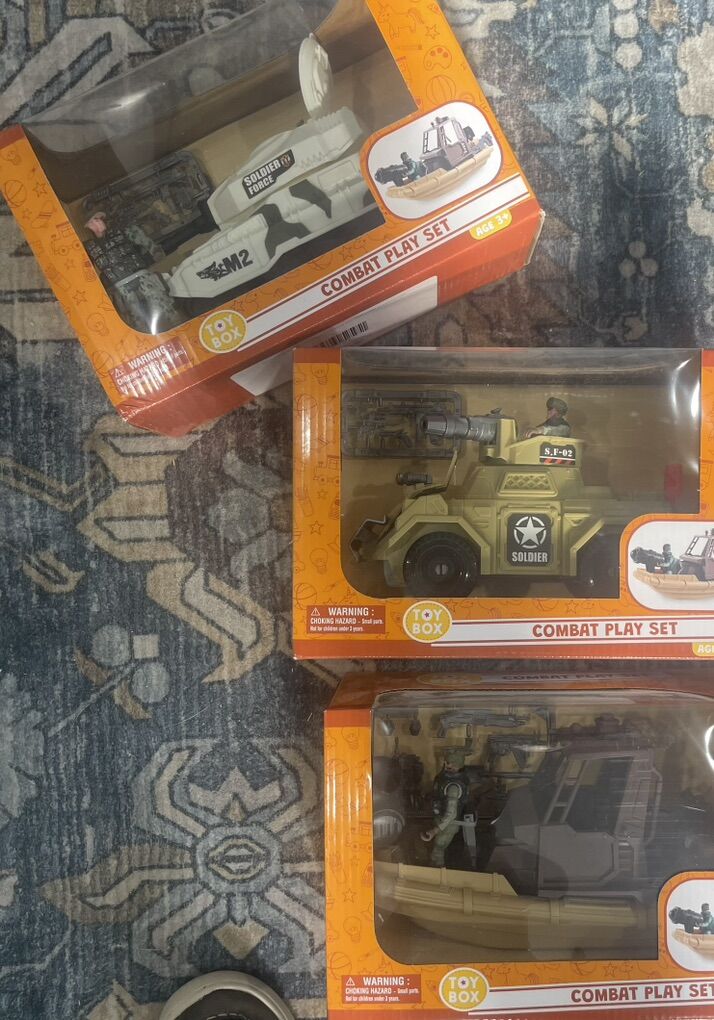 Play trucks boat (new)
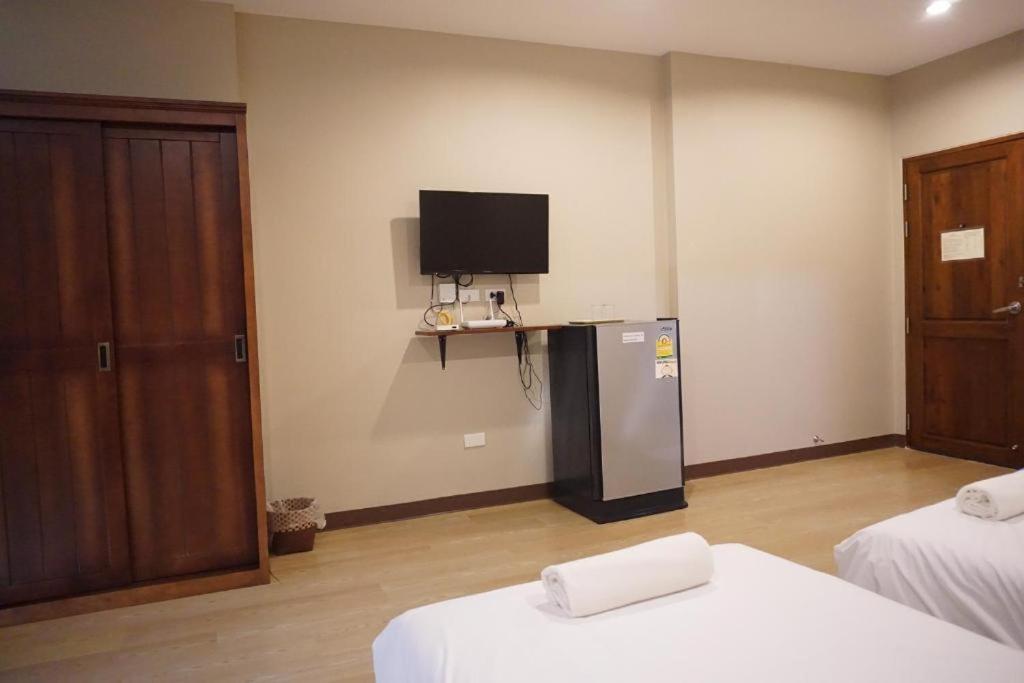 Chompu Nakarin Apartment Транг Екстер'єр фото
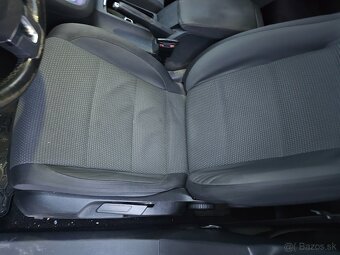 Volkswagen golf 6 1.6tdi 77kw DSG automat - 8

» What the exercise asks
Aside from its pictures, the listing must be given again in full, exactly as it appears.

» Solution
 Play trucks boat (new)
 Chompu Nakarin Apartment Транг Екстер'єр фото
 Volkswagen golf 6 1.6tdi 77kw DSG automat - 8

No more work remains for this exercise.